TASK TO COMPLETE – Gather every line below where "Blot" appears.

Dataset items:
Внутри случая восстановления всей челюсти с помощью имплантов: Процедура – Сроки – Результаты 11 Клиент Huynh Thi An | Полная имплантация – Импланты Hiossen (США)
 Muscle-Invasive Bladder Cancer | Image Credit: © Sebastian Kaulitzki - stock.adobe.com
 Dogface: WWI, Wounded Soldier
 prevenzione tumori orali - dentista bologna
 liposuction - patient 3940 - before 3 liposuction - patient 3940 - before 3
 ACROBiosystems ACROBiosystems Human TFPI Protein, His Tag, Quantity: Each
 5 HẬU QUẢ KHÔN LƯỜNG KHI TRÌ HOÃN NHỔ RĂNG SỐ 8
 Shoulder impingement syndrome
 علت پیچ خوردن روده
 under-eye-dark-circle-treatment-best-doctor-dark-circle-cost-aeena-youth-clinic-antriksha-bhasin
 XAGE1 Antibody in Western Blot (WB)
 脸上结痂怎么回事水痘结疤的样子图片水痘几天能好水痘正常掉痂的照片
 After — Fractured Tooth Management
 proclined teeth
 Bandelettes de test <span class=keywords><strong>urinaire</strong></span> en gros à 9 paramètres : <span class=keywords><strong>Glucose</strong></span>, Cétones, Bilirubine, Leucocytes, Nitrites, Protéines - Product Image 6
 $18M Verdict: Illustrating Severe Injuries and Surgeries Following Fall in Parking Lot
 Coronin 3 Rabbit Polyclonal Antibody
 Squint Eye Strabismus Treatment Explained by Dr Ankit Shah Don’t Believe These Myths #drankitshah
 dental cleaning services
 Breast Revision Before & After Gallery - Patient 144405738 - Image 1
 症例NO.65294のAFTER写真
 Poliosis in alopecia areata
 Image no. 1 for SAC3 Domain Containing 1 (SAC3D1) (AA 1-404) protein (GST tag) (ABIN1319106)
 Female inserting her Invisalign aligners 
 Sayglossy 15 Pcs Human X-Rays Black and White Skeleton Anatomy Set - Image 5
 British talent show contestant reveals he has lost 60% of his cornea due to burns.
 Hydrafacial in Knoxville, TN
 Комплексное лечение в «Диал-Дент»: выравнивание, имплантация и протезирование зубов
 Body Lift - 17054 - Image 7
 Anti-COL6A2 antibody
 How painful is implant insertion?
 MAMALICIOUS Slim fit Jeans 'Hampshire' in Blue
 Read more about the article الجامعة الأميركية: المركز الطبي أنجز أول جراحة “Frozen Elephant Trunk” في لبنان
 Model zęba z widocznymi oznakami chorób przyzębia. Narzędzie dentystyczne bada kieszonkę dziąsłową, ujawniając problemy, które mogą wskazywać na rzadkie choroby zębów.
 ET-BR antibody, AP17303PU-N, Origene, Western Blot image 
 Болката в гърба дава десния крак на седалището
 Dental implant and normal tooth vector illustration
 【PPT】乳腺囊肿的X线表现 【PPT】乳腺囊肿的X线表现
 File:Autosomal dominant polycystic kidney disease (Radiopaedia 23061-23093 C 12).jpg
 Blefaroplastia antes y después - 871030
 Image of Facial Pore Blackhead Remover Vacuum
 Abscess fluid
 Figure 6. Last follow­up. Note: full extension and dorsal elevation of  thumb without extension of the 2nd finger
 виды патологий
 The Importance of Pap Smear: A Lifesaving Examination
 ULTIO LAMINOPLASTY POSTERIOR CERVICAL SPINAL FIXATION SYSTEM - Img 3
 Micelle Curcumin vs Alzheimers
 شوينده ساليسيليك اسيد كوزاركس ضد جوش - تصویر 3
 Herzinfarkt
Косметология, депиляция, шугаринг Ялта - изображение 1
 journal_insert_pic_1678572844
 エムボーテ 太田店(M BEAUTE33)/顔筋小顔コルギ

RESPONSE TO THE TASK –
 XAGE1 Antibody in Western Blot (WB)
 ET-BR antibody, AP17303PU-N, Origene, Western Blot image 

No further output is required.